Die Erklärung muss lesbar sein; eine mündliche Erklärung, z.B. auf einem Anrufbeantworter, ist mangels Lesbarkeit ungenügend. Seit dem 13. Juni 2014 besteht ein ausdrückliches gesetzliches Erfordernis der Speicherung auf einem dauerhaften Datenträger. Der Begriff wird in § 126 b S. 2 BGB legaldefiniert. Datenträger können dabei insbesondere sein: Papier, elektronische Speichermedien wie CD-ROM, (externe) Festplatte, USB-Stick, Computerfax, E-Mail, SMS, Speicherkarten oder ein Fax. Die Person des Erklärenden muss bezeichnet (durch den Namen oder eine andere individualisierte Bezeichnung, wie Spitzname oder Funktionsbezeichnung, z.B. „Entleiher“) und der Abschluss der Erklärung erkennbar gemacht werden. Kein erforderlicher Abschluss liegt vor, wenn die Erklärung in Form einer Datei als Anhang einer E-Mail versendet wird, aber die Erklärung selbst keinen Abschluss hat.

Aber Obacht: Es ist darauf hinzuweisen, dass sich nur die Form für den Arbeitnehmerüberlassungsvertrag ändern wird. Sonst bleibt alles beim Alten. Dies bedeutet, dass die jeweiligen Erklärungen der an dem Vertragsschluss beteiligten Parteien der jeweils anderen Partei zugehen müssen und der Arbeitnehmerüberlassungsvertrag vor dem Einsatzbeginn formal abgeschlossen sein muss.

Grundsätzlich stehen in diesem Zusammenhang die modernen Kommunikationsformen bereit, um zukünftig formgerecht – ohne „wet ink“ – den Arbeitnehmerüberlassungsvertrag abzuschließen. Doch bei aller Freude sollten folgende Aspekte beachtet werden, bevor nunmehr munter Arbeitnehmerüberlassungsverträge per Textform vorbereitet werden:

  • Es sollte klargestellt und festgelegt werden, wer zukünftig berechtigt sein soll, für das Zeitarbeitsunternehmen bei dem Abschluss eines Arbeitnehmerüberlassungsvertrages aufzutreten und entsprechende Erklärungen abzugeben bzw. zu empfangen. 
  • Es sollte ein Prozess festgelegt werden, den es bei dem Abschluss eines Arbeitnehmerüberlassungsvertrages einzuhalten gilt. 
  • Es sollten die laufenden (Rahmen-)Arbeitnehmerüberlassungsverträge geprüft und ggf. angepasst werden.

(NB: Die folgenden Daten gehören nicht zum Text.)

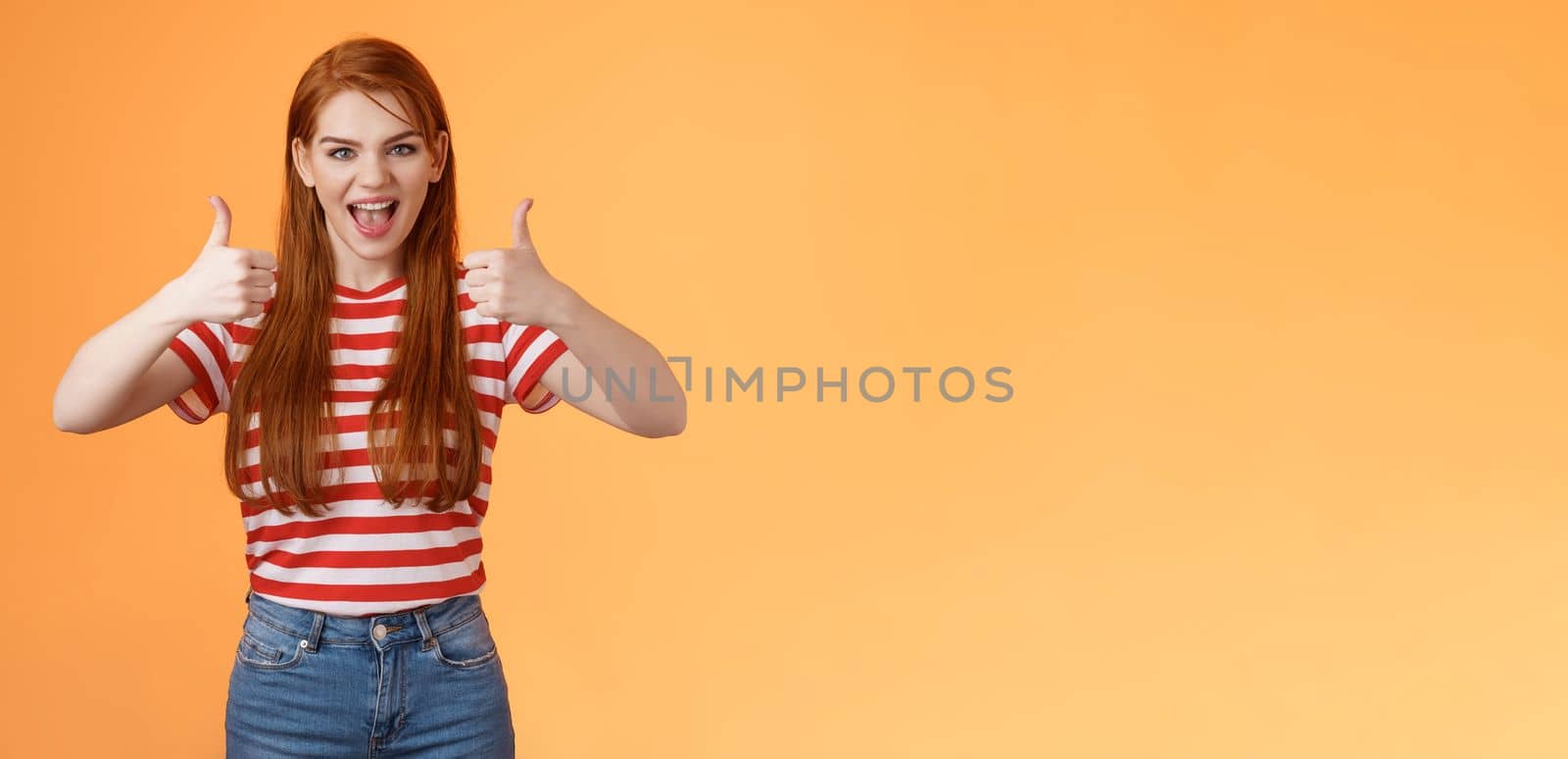 Sassy rebellious wild redhead cool girl having fun adore awesome party, show satisfactory gesture, thumb-up smiling say yeah joyfully, enjoy cool event, having fun, like idea, orange background.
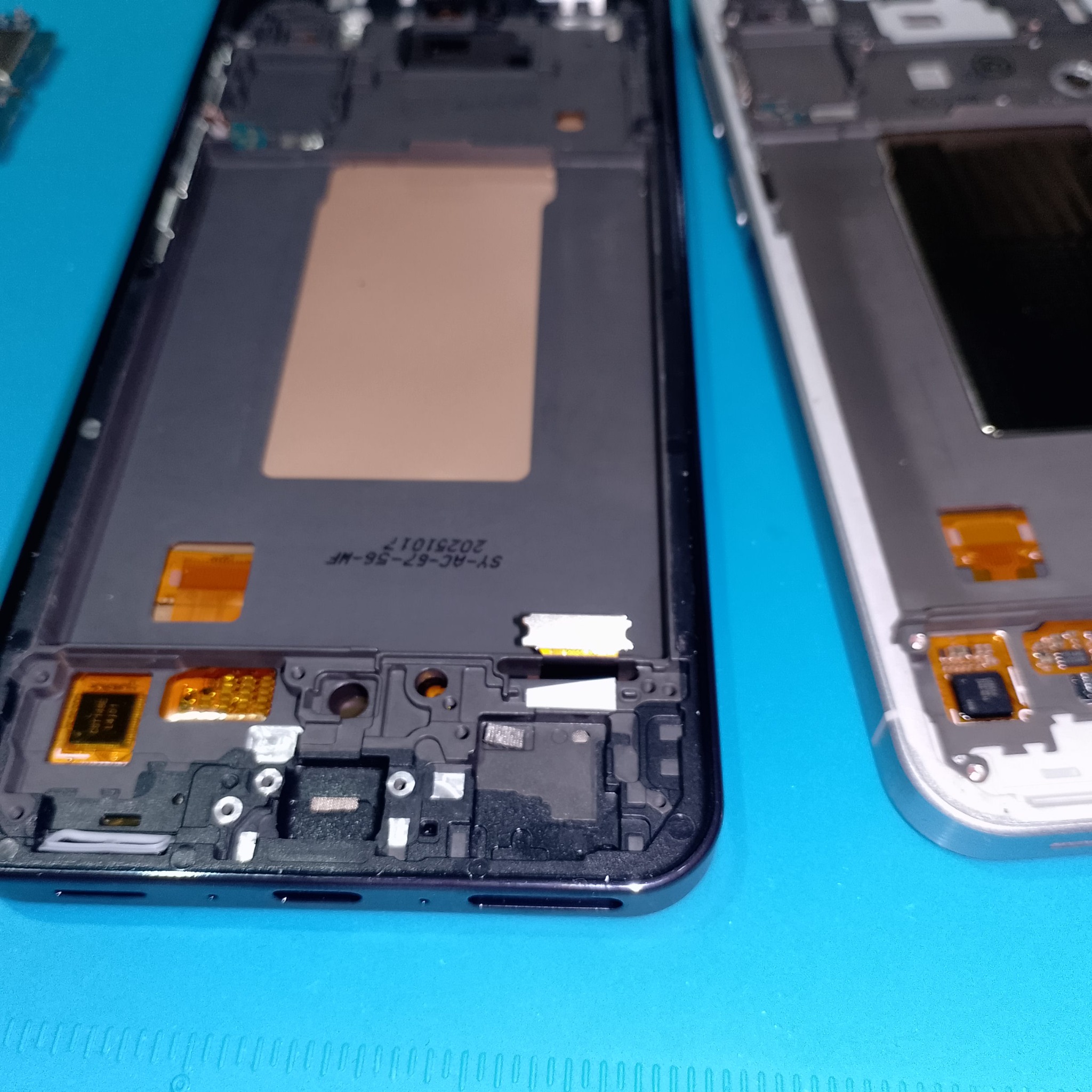 Samsung Galaxy A56 замена дисплея - Старая и новая рамки лежат рядом нижней частью. Перед переносом удобно сравнить отверстия, посадочные места и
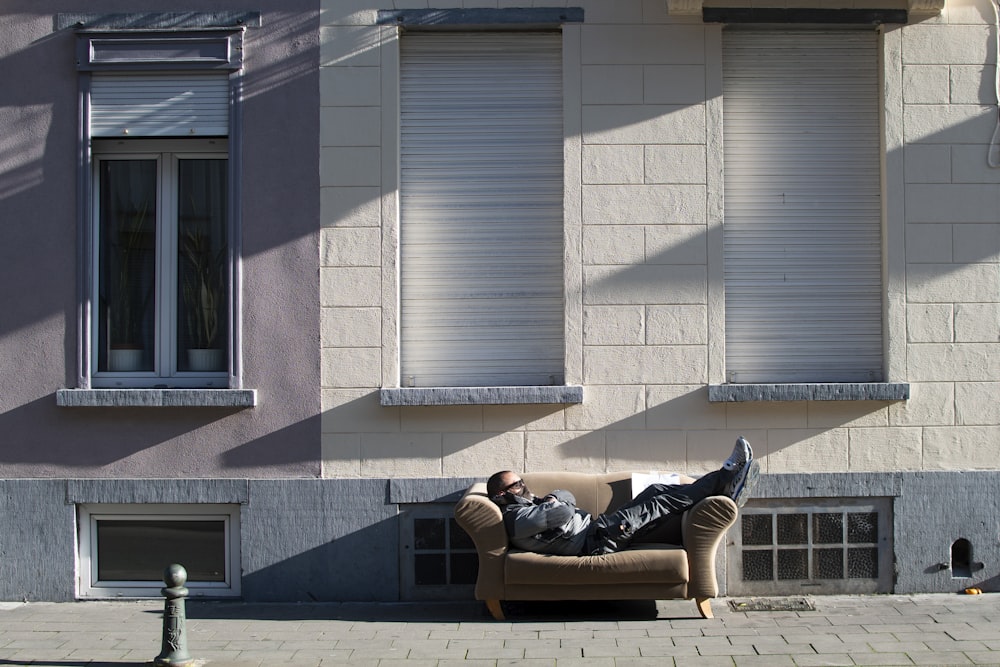 man in black jacket lying on brown brick floor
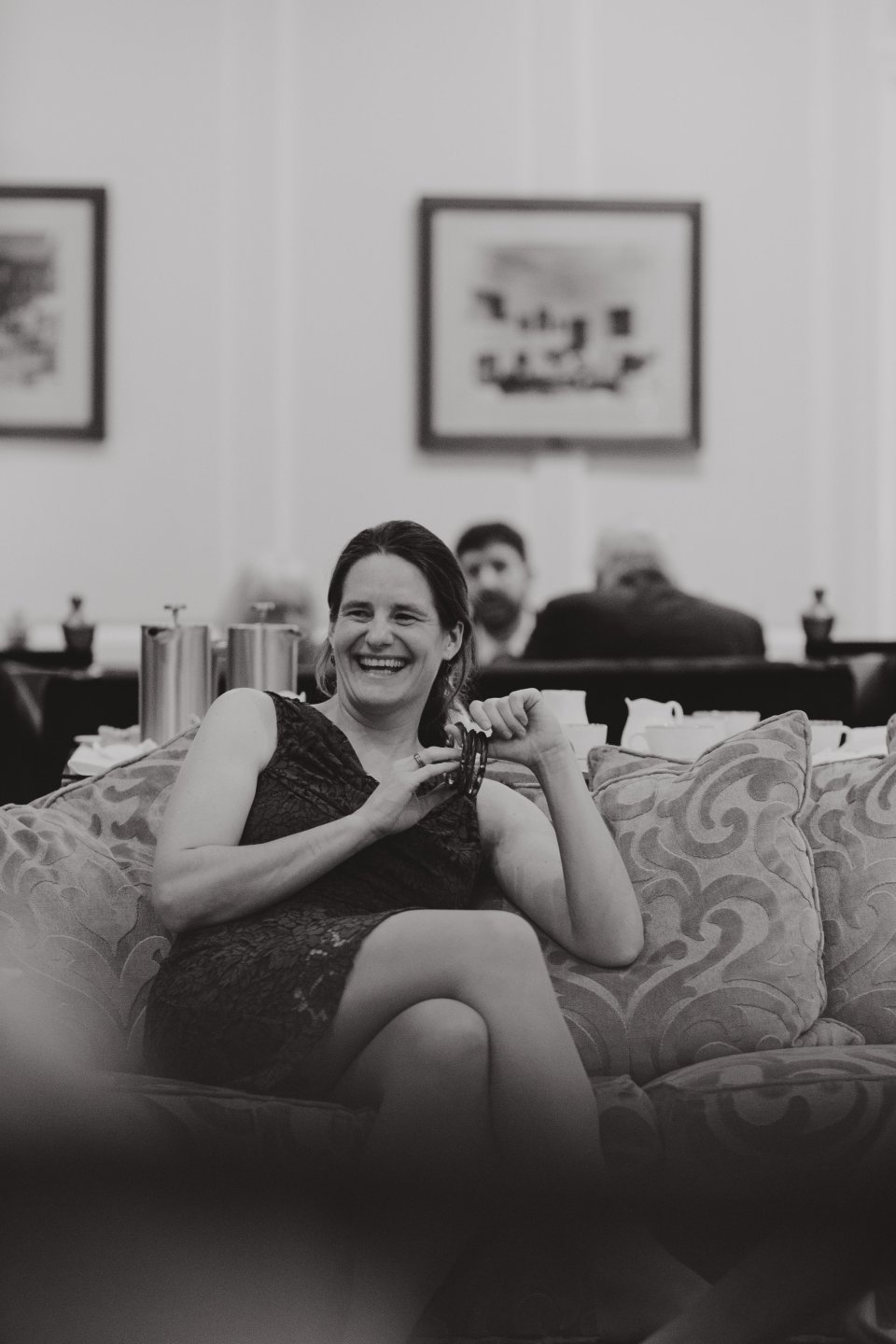 A woman laughs sitting on a sofa in a Hintlesham Hall drawing room during a wedding reception.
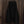 Zwarte wijde broek, hangend aan houten achtergrond, comfortabele pasvorm, casual stijl, ideaal voor dagelijks gebruik, modieuze dameskleding.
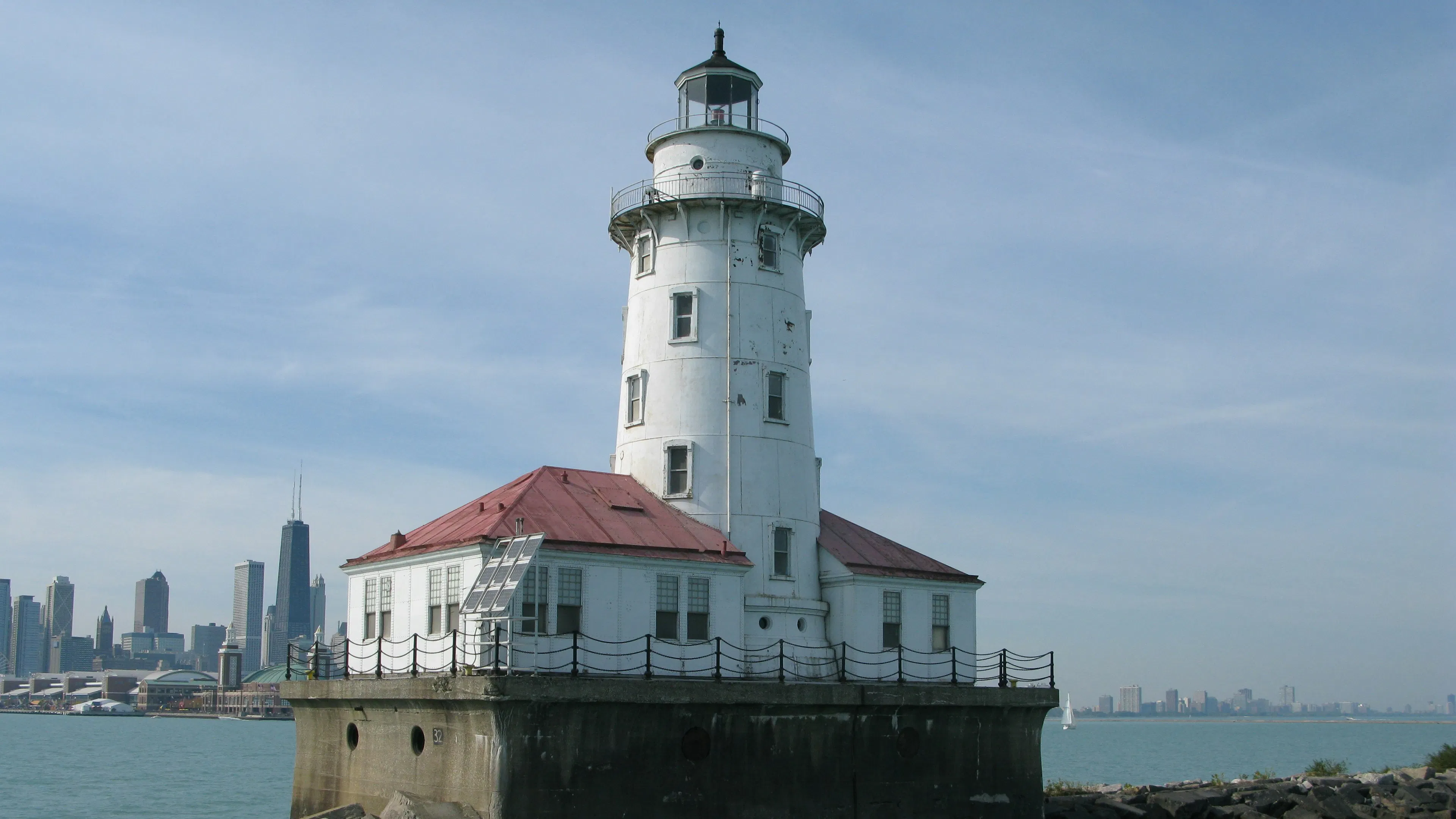 The red roof and white walls of the Chicago Harbor Lighthouse shining in the sunshine with the skyline of the city behind it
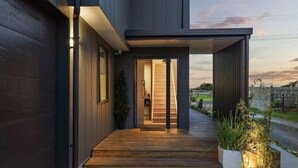 Una casa moderna con fachada de madera, una escalera de madera que lleva a una puerta y un jardín con plantas.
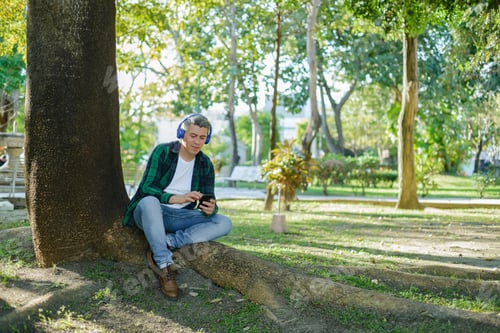 Preview: Gray-haired man listening to music with headphones and typing on his cell phone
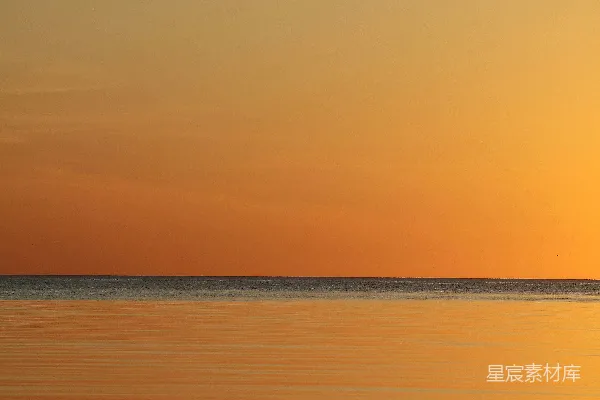 夕阳下的橙色天空中平静的海面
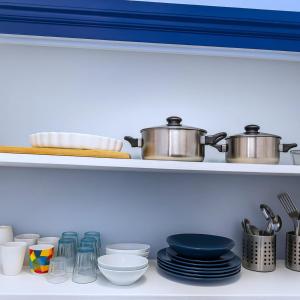 a kitchen shelf with dishes and pots and pans at Le Nid de Perrache Comfortable and Stylish Studio in Lyon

Sollte dort – wie in der Praxis bisher üblich – ein strenges Schriftformerfordernis vorgesehen worden sein, wird dieses durch die gesetzliche Änderung nicht automatisch auf die Textform reduziert. 

Änderung der Schrift- in die Textform wird mit Wirkung zum 1. Januar 2025 erfolgen (Art. 74 Abs. 1 BEG IV)

Bis Anfang Januar 2025 gilt weiterhin uneingeschränkt die strenge Schriftform beim Abschluss und bei der Änderung eines Arbeitnehmerüberlassungsvertrages – dies ergibt sich aus Art. 74 Abs. 1 BEG IV. Diese sollte bis zu dem o.g. Zeitpunkt streng beachtet werden. Zwar kann davon ausgegangen werden, dass der Kontroll- und Verfolgungsdruck durch die Behörden mit Blick auf die Wahrung der Schriftform nachlassen wird. Dies ist aber eher eine Vermutung – insoweit sollte das Zeitarbeitsunternehmen keine rechtliche Flanke eröffnen und sich angreifbar machen.

Bei aller Freude über diesen Erfolg verbleibt ein fader Beigeschmack, wenn man sich die weiteren Änderungen des BEG IV ansieht, die eine Relevanz für Zeitarbeitsunternehmen haben. Dabei sind insbesondere die komplett verzogenen Änderungen für den Nachweis der wesentlichen Vertragsbedingungen nach dem NachwG zu nennen. Der Gesetzgeber hat hier einen bunten und unübersichtlichen Flickenteppich geschaffen, bei dem man sich die Frage stellen muss, ob damit überhaupt noch eine Entlastung der Unternehmen verbunden ist oder ob damit – aus rein ideologischen Gründen – nicht erst ein weiterer Aufwand geschaffen wird. Hier gilt es dringend nachzuarbeiten bzw. -schärfen, damit aus der „bunten Mischung“ von Formerfordernissen eine textförmliche Einheit geschaffen wird, mit der in der Praxis, insbesondere in der Zeitarbeit, leicht gearbeitet werden kann. 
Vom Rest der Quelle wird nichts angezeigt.